Five Power Five jobs are now open in the 2022 cycle after Cincinnati coach Luke Fickell left to take the job at Wisconsin. The Bearcats are set to move to the Big 12 in 2023, but now will have to do it without the coach who led the program to the College Football Playoff in 2021. 

Cincinnati is the second Power Five job to open after the season ended, joining Stanford after David Shaw resigned after 12 seasons in Palo Alto, California. Shaw leaves as the winningest coach in program history with a 96-54 record and a universally respected figure in college football. More openings could come. 

Nebraska coach Scott Frost was the first coach pink-slipped of the cycle and things have only spiraled from there. Georgia Tech and Colorado made changes after Geoff Collins and Karl Dorrell, respectively, led their teams to historically miserable starts. Auburn coach Bryan Harsin was fired on Halloween. Arizona State canned Herm Edwards after a 1-3 start and NCAA investigations, while Wisconsin parted ways with Paul Chryst after a 2-3 start at Wisconsin. 
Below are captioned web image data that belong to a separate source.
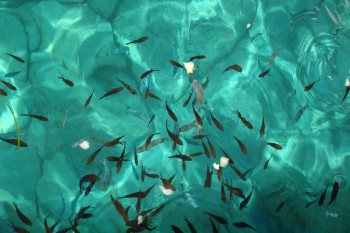 O insula superba in Marea Ionica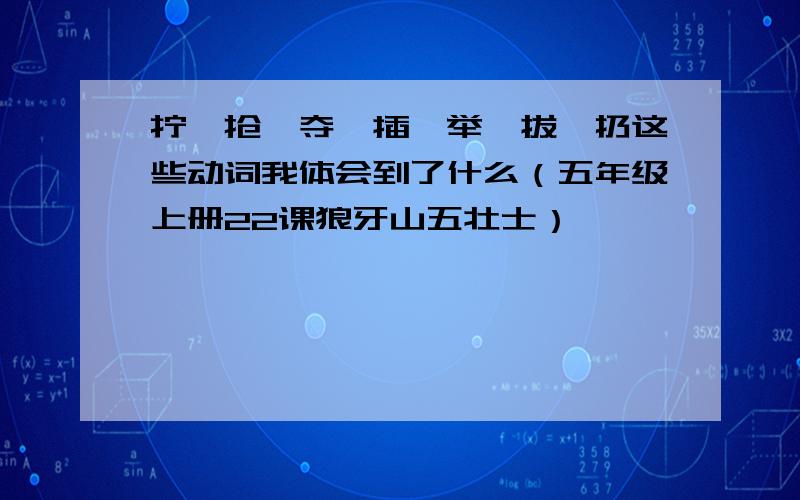 拧、抢、夺、插、举、拔、扔这些动词我体会到了什么（五年级上册22课狼牙山五壮士）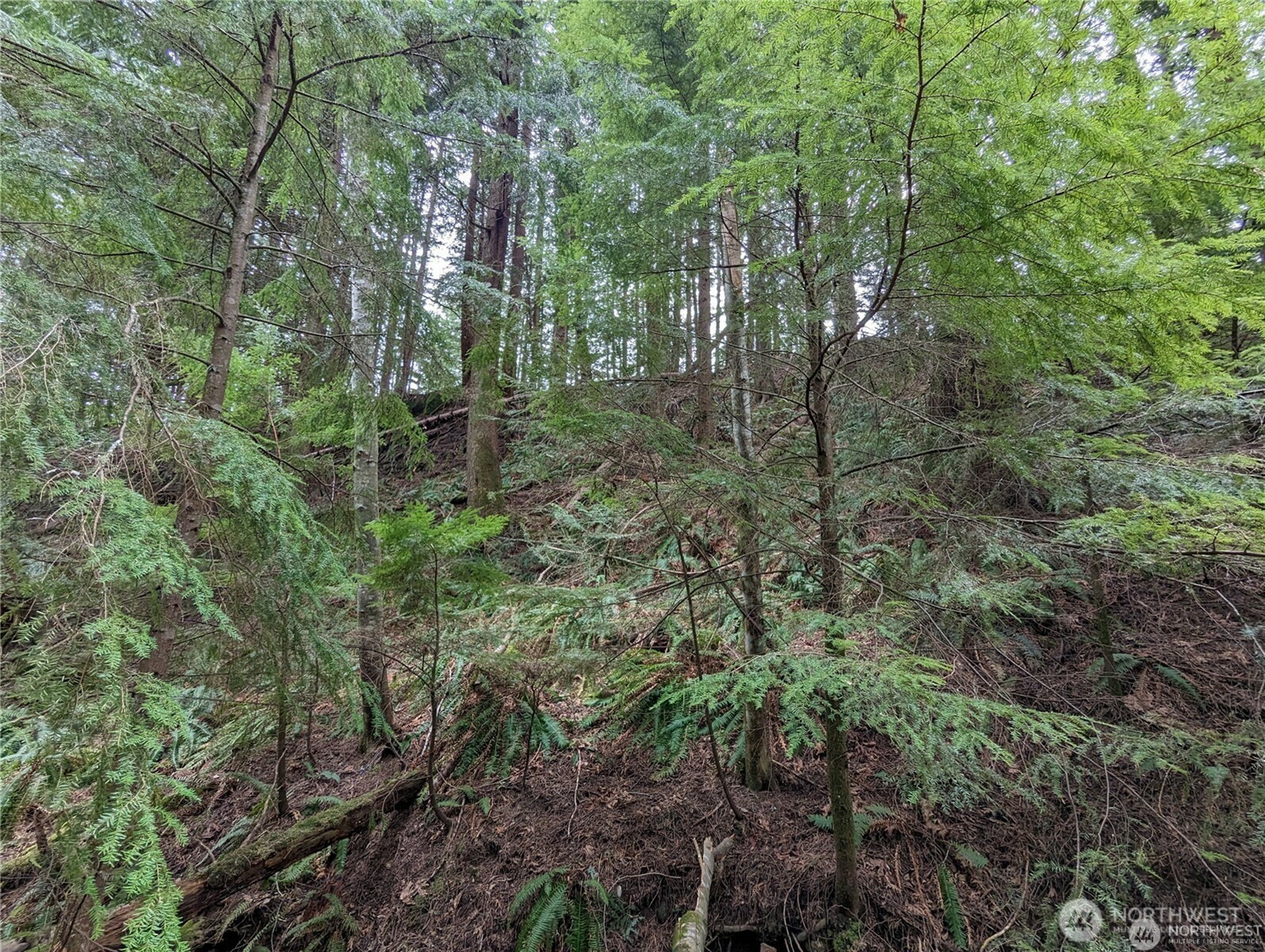 Property Photo: 14 Black Bear Court A WA 98229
Arizona State ultimately hired rising Oregon offensive coordinator Kenny Dillingham for the role. Dillingham, 32, is the youngest head coach in FBS football. Nebraska went to the NFL ranks and nabbed recently fired Carolina Panthers coach Matt Rhule, a turnaround artist at Baylor and Temple. Fickell is the biggest poach of the cycle so far after Wisconsin hired him to revamp the program. More coaching hires could be coming soon as the regular season has come to a close. 

Part of firing a coach midseason is attempting to get to the market early. It can work out in a big way, like USC having weeks to orchestrate poaching Lincoln Riley from Oklahoma. However, the postseason market is now starting to open with Shaw leaving his post at Stanford. If last year is any indication, the poaching season could lead to a whole new round of openings. 
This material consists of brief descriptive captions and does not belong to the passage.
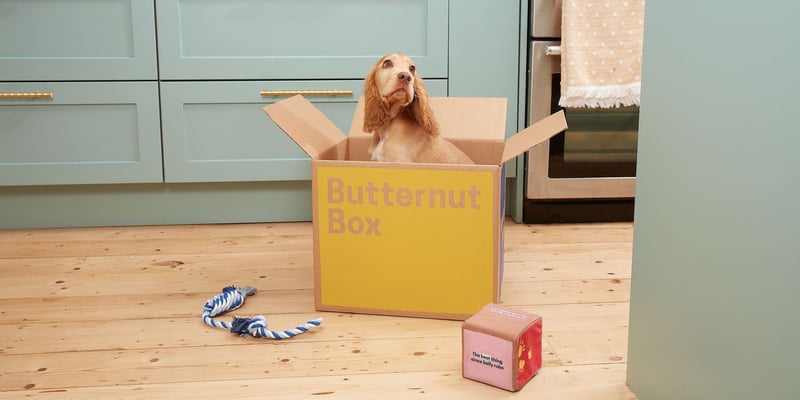 a spaniel puppy sat in a butternut box cardboard box in his kitchen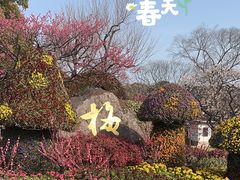 -无锡梅园公园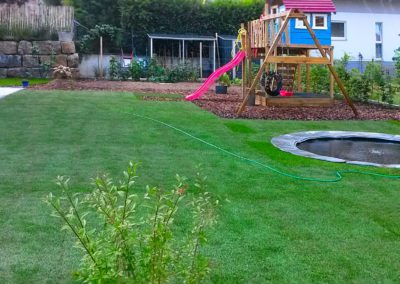 Rollrasen Dichte Feste Matte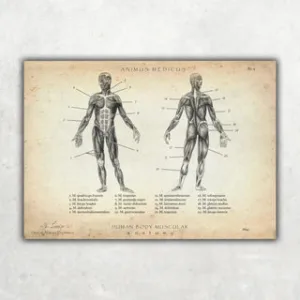 Animus Medicus Muskeln Anatomie – A4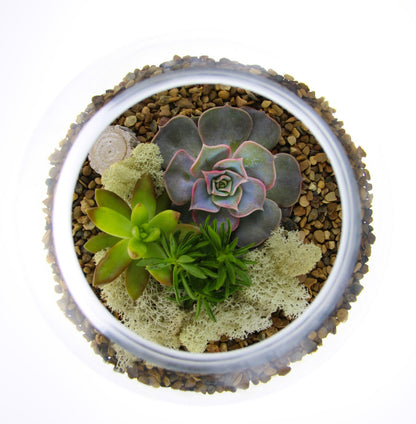 The Haven - Glass Globe Terrarium with Succulent Plants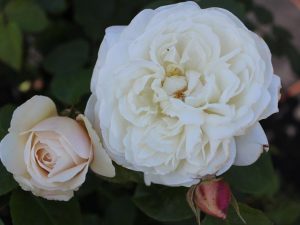 Rosa 'William and Catherine' (Ausrapper)-0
That in mind, and with the carousel off to an early start yet again, let's have a look at the best Power Five coach openings on the heels of Stanford coming open. 
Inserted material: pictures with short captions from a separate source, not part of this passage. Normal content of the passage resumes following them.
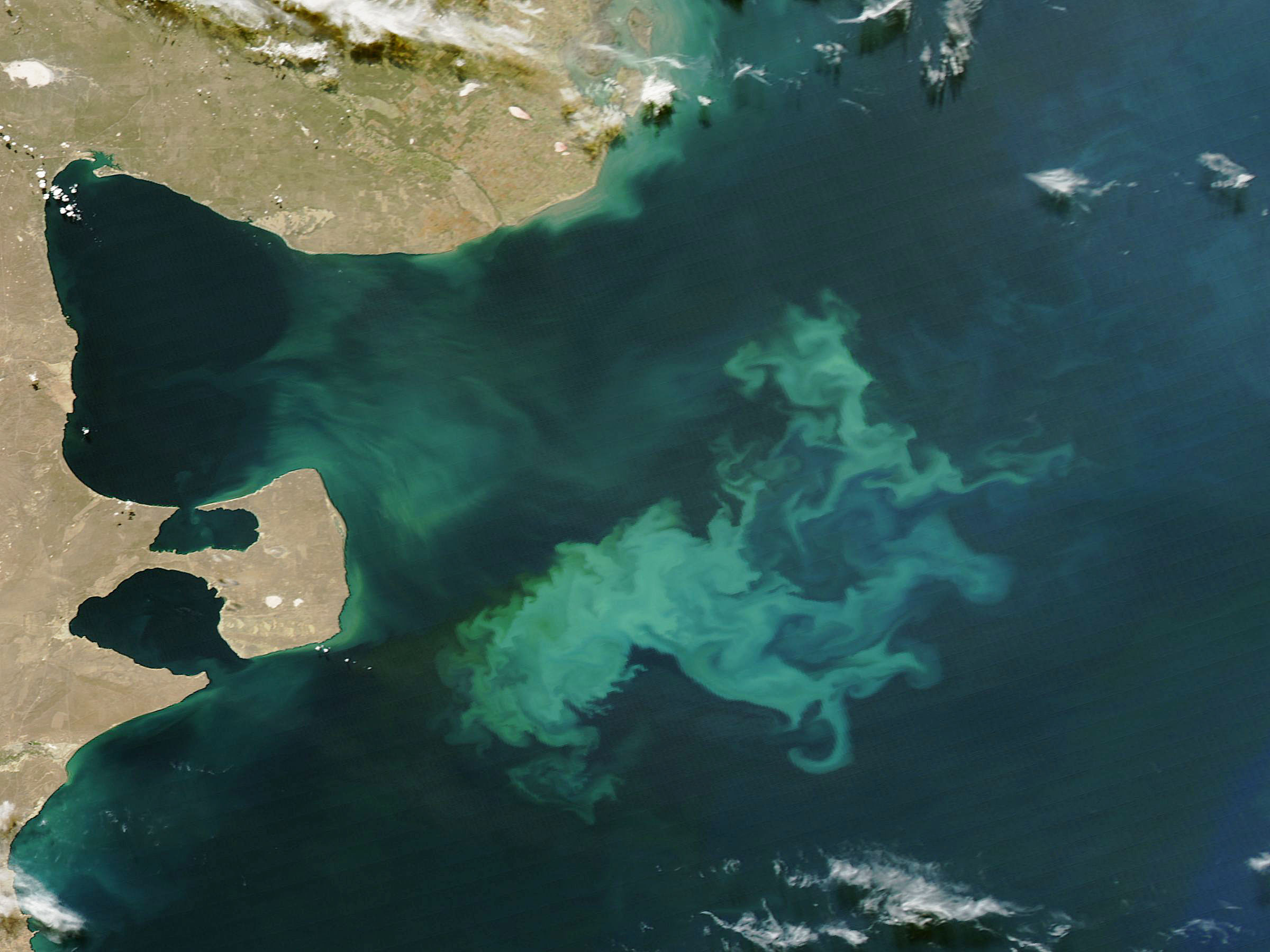 Warmer water and ocean acidification harm important plankton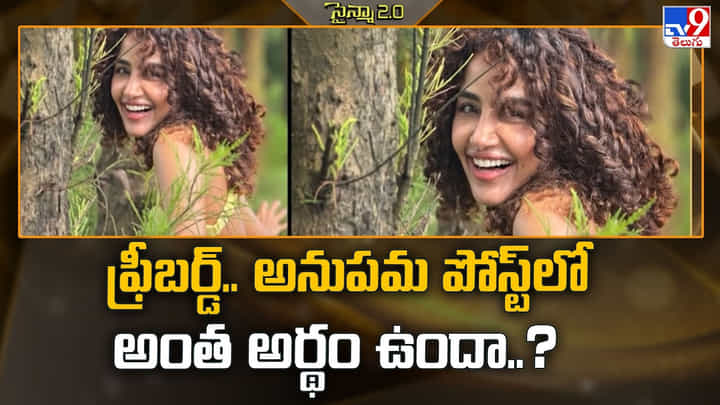 Anupama Parameswaran: ‘నా గొంతు నేనే వినిపిస్తా’.. అనుపమ ఎమోషనల్ పోస్ట్ వెనక అసలు కథ ఏంటి? Anupama Parameswaran: ‘నా గొంతు నేనే వినిపిస్తా’.. అనుపమ ఎమోషనల్ పోస్ట్ వెనక అసలు కథ ఏంటి?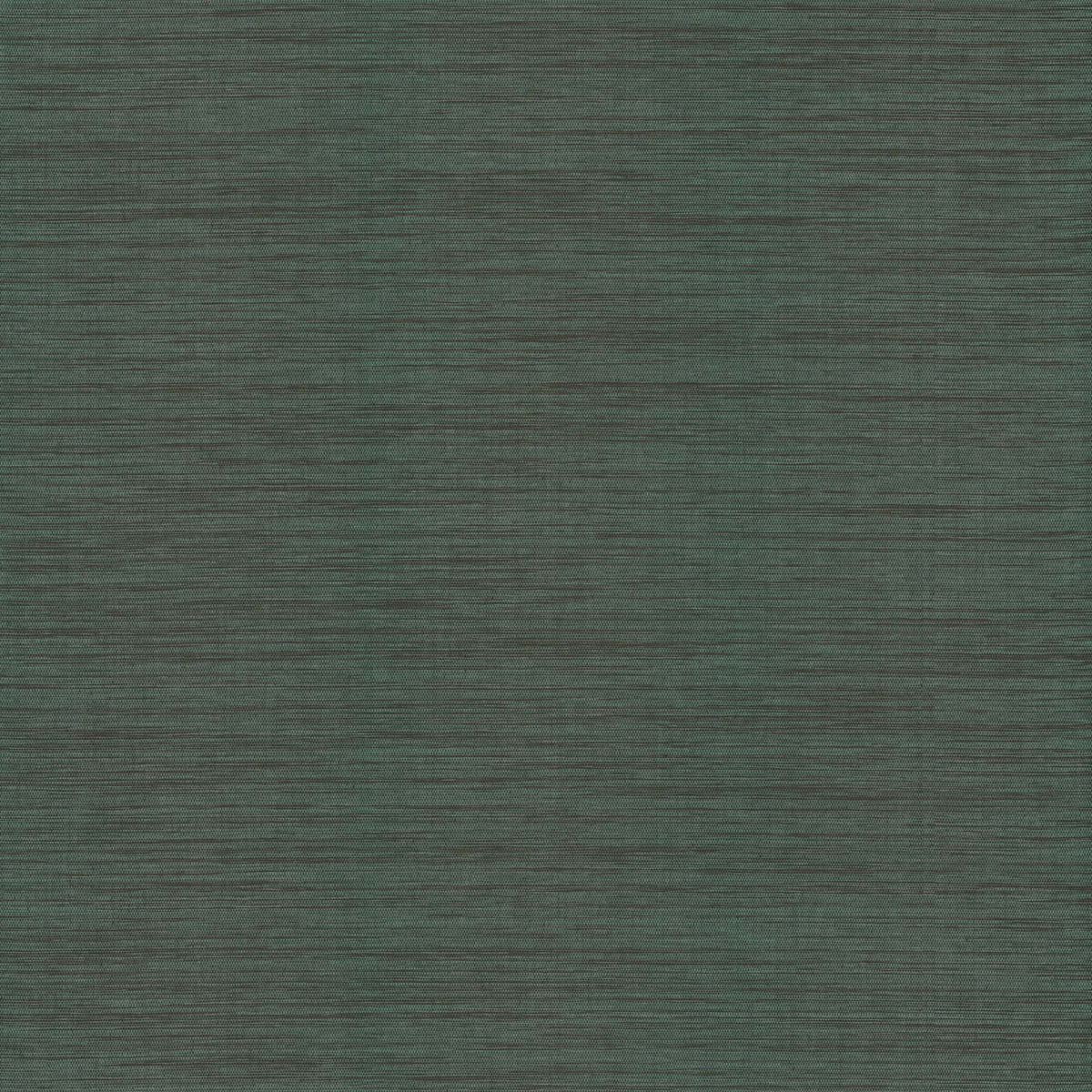 HORIZON PAPERWEAVE - Grasscloth And Naturals - Gv0222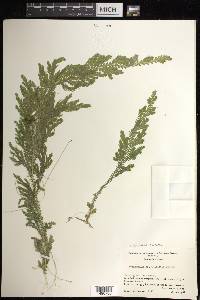 Selaginella stellata image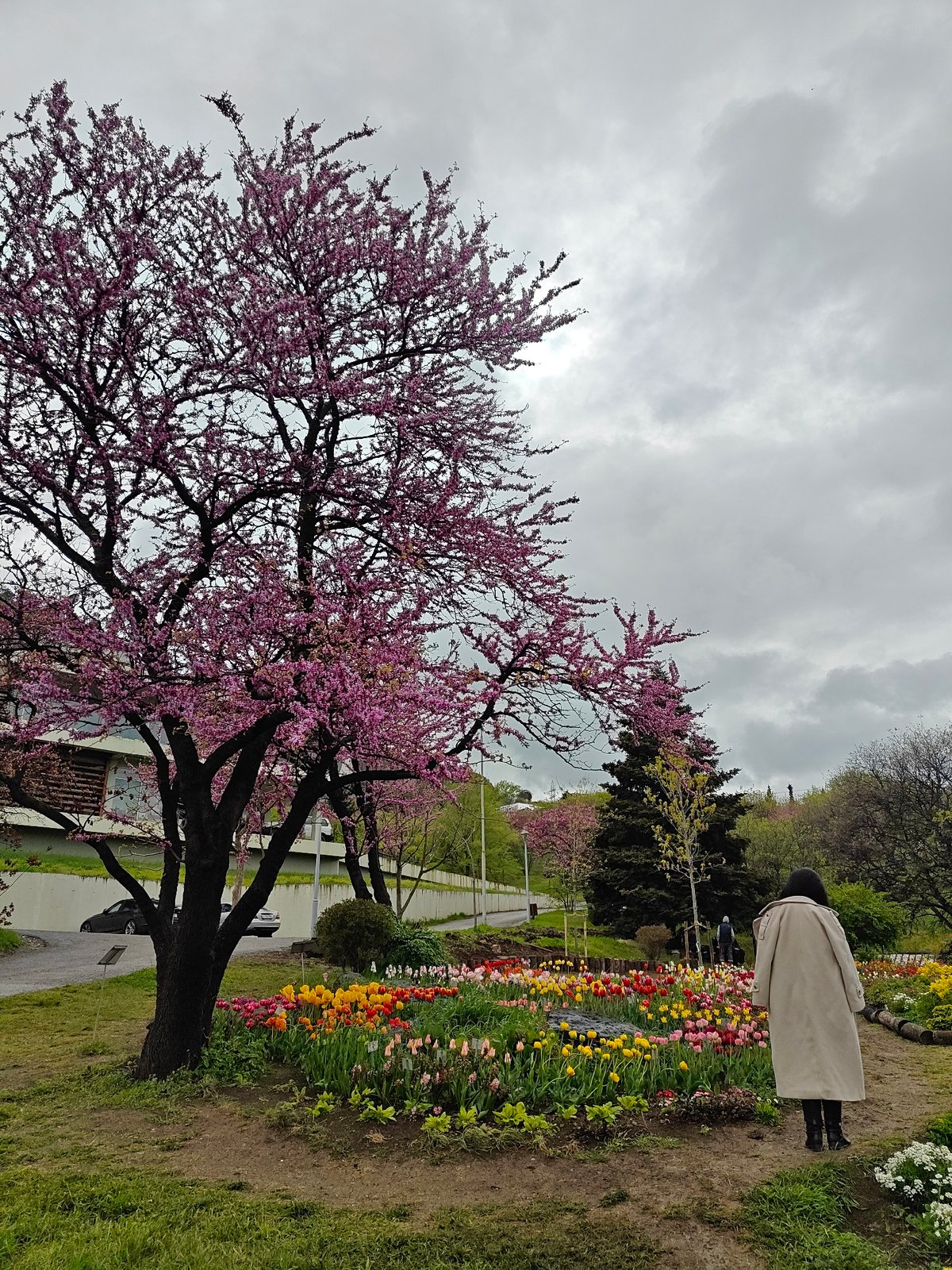 Spring blossoms observed in Tbilisi garden under cloudy skies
Ranking the best Power Five openings
Auburn ranks as perhaps the most mercurial job in all of college football. It's been proven there's legitimate national championship upside at this program; the Tigers have appeared in a pair of national title game since 2010. Whomever takes over the program also must contend with Alabama and Georgia as their chief rivals -- perhaps the most unwinnable scenario in college football -- along with a terminally dysfunctional administration and booster corps. Texas and Oklahoma will join the SEC in the next three years, which will only make the Auburn job more difficult. However, the combination of money and upside in the SEC recruiting footprint ensures the job will be attractive. The question just remains: How attractive?  
Welcome to the Power Five coaching carousel, Cincinnati. Luke Fickell transformed the Bearcats into the nation's pre-eminent Group of Five progrm and a College Football Playoff contender, and a new coach will take Cincinnati into the Big 12 era. There's no question this program has a pathway to success at the high-major level with the upgrades in status and infrastructure made under Fickell. However, following a program legend and overseeing a transition does come with complications -- and expectations. Regardless, Cincinnati should get high-quality candidates chasing this job.  
The last time Stanford made an external coaching hire was 2006 when the program plucked a former NFL player with just three years of collegiate coaching experience from San Diego to take over the program. Jim Harbaugh and his protege David Shaw could not have worked out better, but Shaw's resignation on Nov. 27 leaves the Cardinal in a difficult position. Stanford has all the money and prestige in the world to attract a quality coach, but any leader will have to work through exceedingly stringent academic standards. After a 6-18 record over the past two seasons, any candidate will have to gauge Stanford's commitment to major college football, especially in the era of NIL and post-Pac-12 realignment. The upside is high, but Stanford is one of the toughest jobs in the country. 
If the Geoff Collins era was any indication, sitting in the middle of downtown Atlanta and throwing Waffle House logos on merchandise isn't enough to get recruits to campus. Georgia Tech compares more favorably to Stanford and Duke due to the academic prestige and requirements in order to get recruits into the school than the SEC and ACC programs in the Southeast it has to recruit against. The most successful period in recent memory came while running the triple-option under Paul Johnson and opting not to compete in the rough-and-tumble SEC recruiting footprint. Whomever takes over this job has their hands full trying to choose a long-term identity.
Colorado boasts a great campus right in one of the most beautiful areas in the country. Unfortunately, all the great attractions around Boulder manifest in tenuous, at best, football investment. Colorado ranked last among public schools in the Pac-12 in athletic spending during the 2020-21 school year. Just three years ago, the Buffaloes lost a coach to Michigan State after one season. There's no proven recruiting grounds or pathway to success at Colorado, and that has been firmly reflected in the ability to acquire and retain coaching talent.